I know it’s been a long time since I last posted here, and I’m afraid I don’t have any truly valid excuses for that other than general procrastination (though the issues I’ve been having with WordPress lately are annoying). However, there has been a lot of gaming going on in our household, as usual. I will write about some of the games I’ve been playing later, but for today, here’s a couple that my husband beat over the last couple of months.

First up was Batman: Arkham Asylum, specifically the “Game of the Year” edition for Xbox 360. Having been a PC gamer for several years, the mere existence of a console GOTY edition once struck me as a bit odd, but it’s also a sign of the times. After all, console games have steadily become PC games this generation, with bugs, the requisite patches for those bugs, and expansion packs, now termed “downloadable content”.

Arkham Asylum itself, however, is a console game through and through. Genre-wise, it’s a brawler set in a somewhat open-world environment, complete with combo moves and collectables.

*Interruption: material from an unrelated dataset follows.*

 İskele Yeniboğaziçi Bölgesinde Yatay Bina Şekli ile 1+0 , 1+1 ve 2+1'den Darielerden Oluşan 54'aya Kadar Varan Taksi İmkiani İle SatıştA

It stars everyone’s favorite DC Comics hero, the Goddamn Batman, in a game world that is as dark, gritty, and poker-faced as he is. This world is the microcosmic Arkham Asylum, which is located on an island this time around, and is grimy and run-down, almost in that Weird NJ abandoned mental hospital sort of way. The fist-fodder consists of a handful of standard enemies with a few weapon variations thrown in, plus the odd grotesque supervillain. The plot is comic book/video game boilerplate, and there are several references to the larger Bat-canon littered throughout, including a database of series villains that (although being wildly inaccurate in regards to Harley Quinn’s first appearance) makes for interesting reading.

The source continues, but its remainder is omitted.